> WORK INSTRUCTION: Give again, exactly and without pictures, the lines running from the line with "thumbnail image 1" to the end of the records below.

*** DATASET ENTRIES Section Begins ***

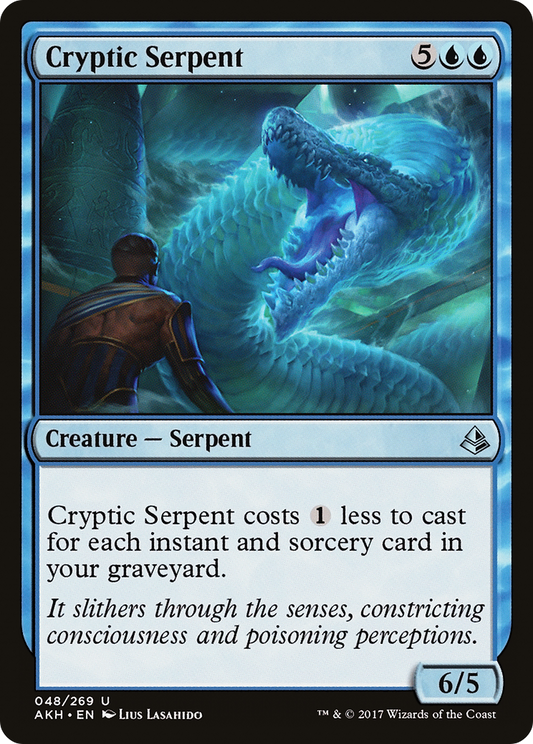 Cryptic Serpent (AKH-048) - Amonkhet Foil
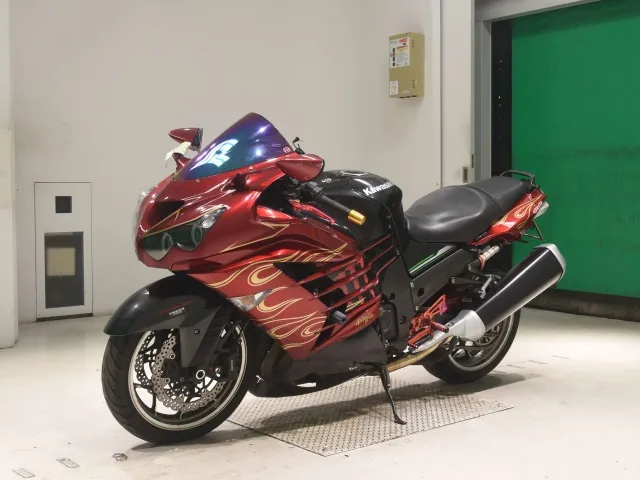 Kawasaki Zx-14R 2018, красный, чёрный, фото 4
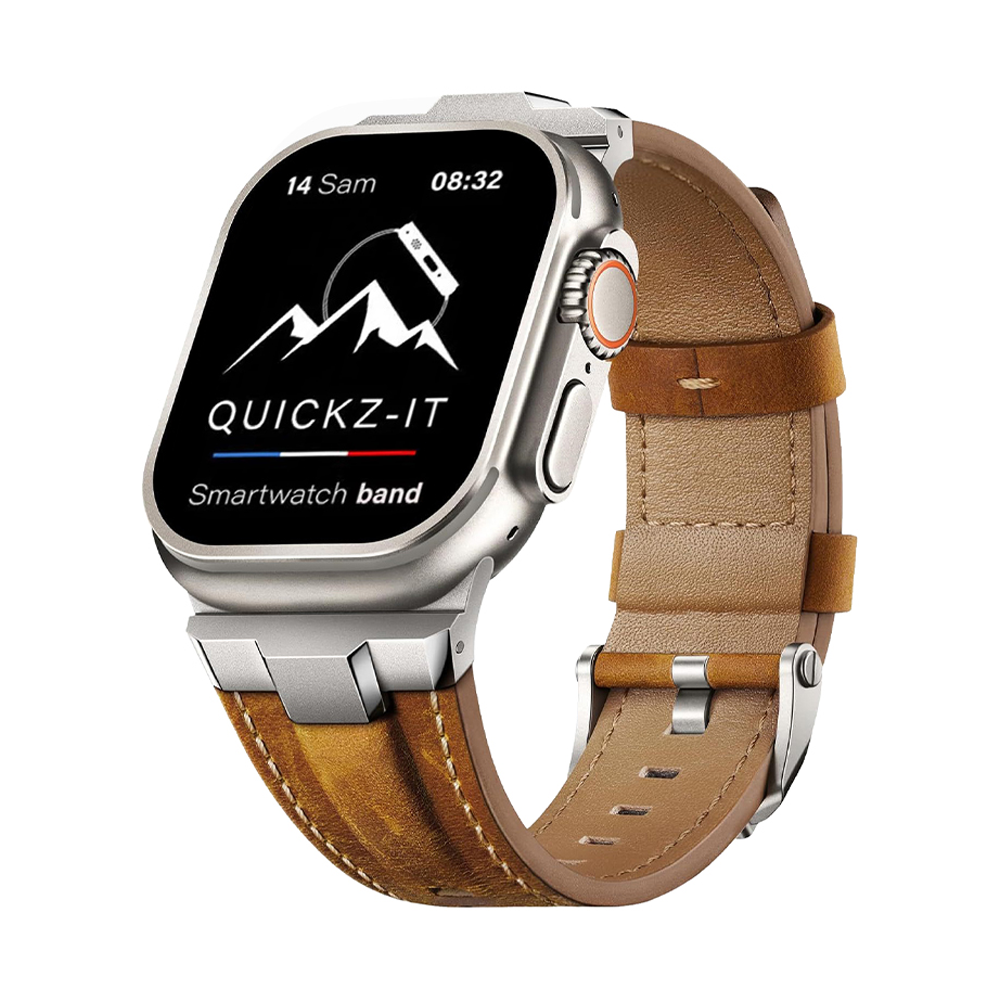 Legend | Bracelet Cuir & Titane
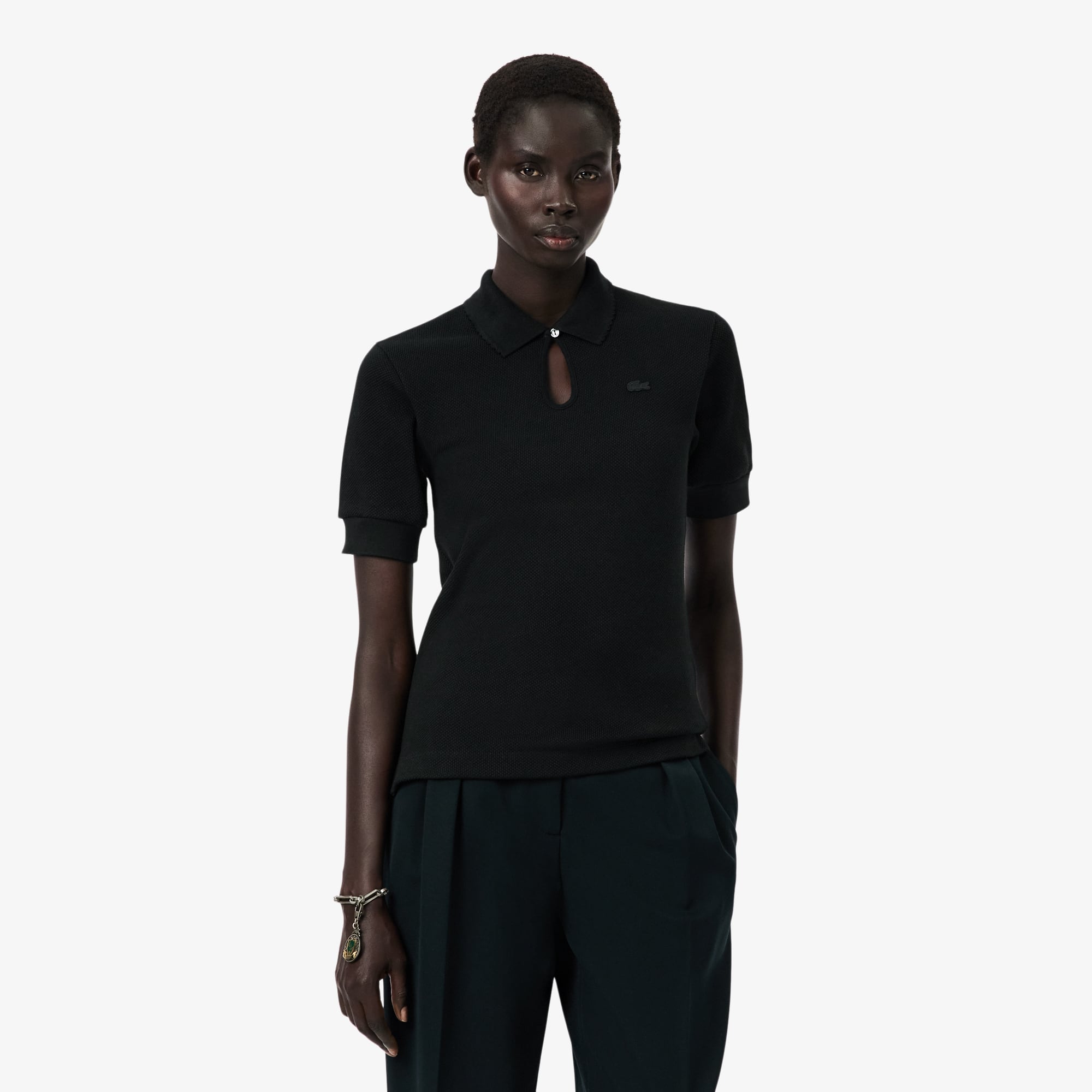 Lacoste Runway Slim Fit Heavy Piqué Polo Shirt - 40 In Green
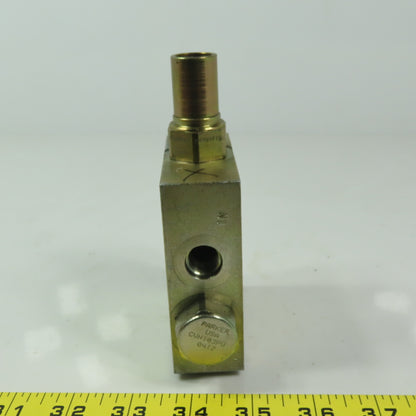 Parker PRCH101F10V-8T Pilot Operated Pressure Reducing Relieving Hydraulic Valve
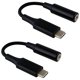 thumbnail image 1 of Adaptador USB C a 3.5mm Tek Styz Dual DAC 2 Pack Negro, 1 of 6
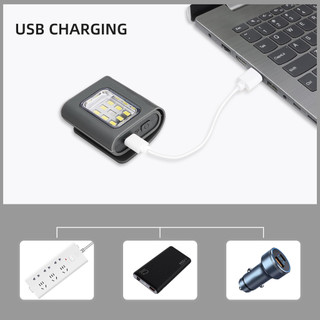 Bộ 2 Đèn led Cảnh Báo Chạy Bộ Sạc usb-c Rảnh Tay Cho Ánh Sáng Ban Đêm Có Kẹp Nam Châm Mạnh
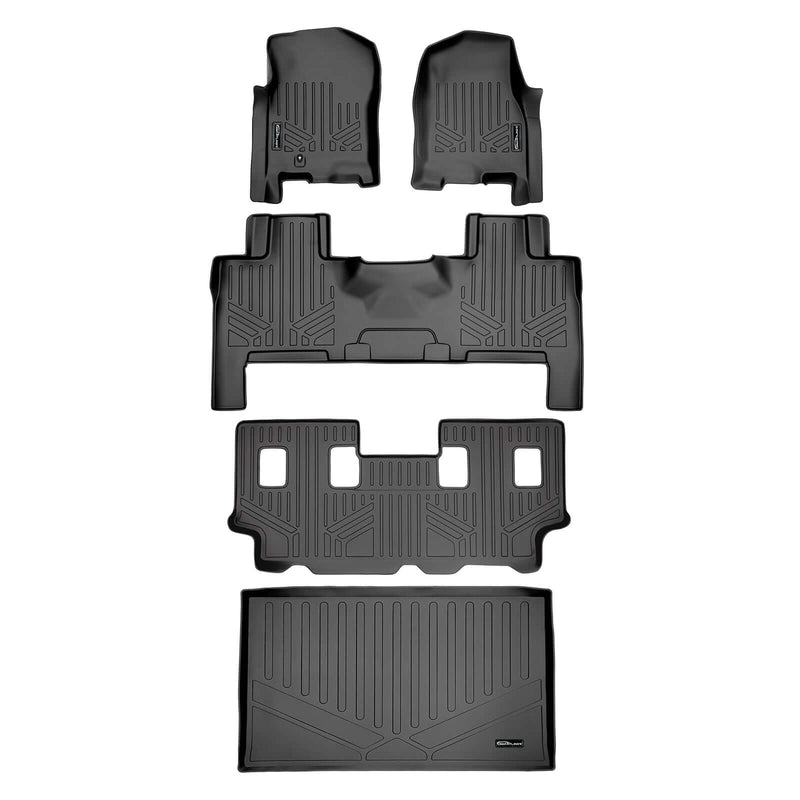 Load image into Gallery viewer, Smart Trim™ Floor Liners For 2007 - 2017 Ford Expedition EL/Lincoln Navigator L (with Console)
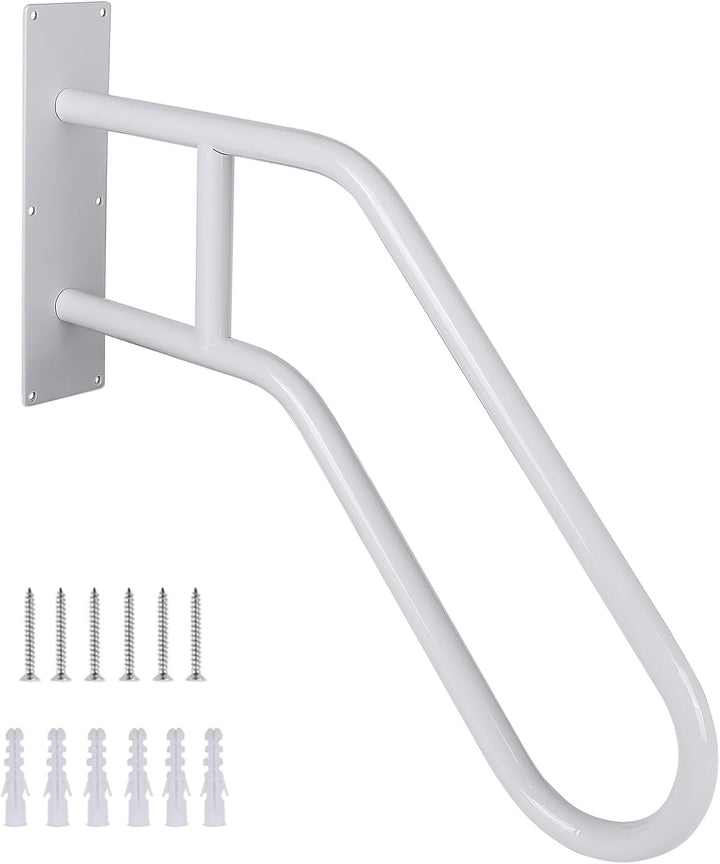 Treppe Handläufe, Edelstahl Treppengeländer Handlauf mit Beschlägen für 1-5 Stufen, Hochbelastbare H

*** DATASET ENTRIES Section Ends ***

> RESULT OF THE TASK:
 thumbnail image 1 of Adaptador USB C a 3.5mm Tek Styz Dual DAC 2 Pack Negro, 1 of 6
 Bộ 2 Đèn led Cảnh Báo Chạy Bộ Sạc usb-c Rảnh Tay Cho Ánh Sáng Ban Đêm Có Kẹp Nam Châm Mạnh
 Load image into Gallery viewer, Smart Trim™ Floor Liners For 2007 - 2017 Ford Expedition EL/Lincoln Navigator L (with Console)
 Treppe Handläufe, Edelstahl Treppengeländer Handlauf mit Beschlägen für 1-5 Stufen, Hochbelastbare H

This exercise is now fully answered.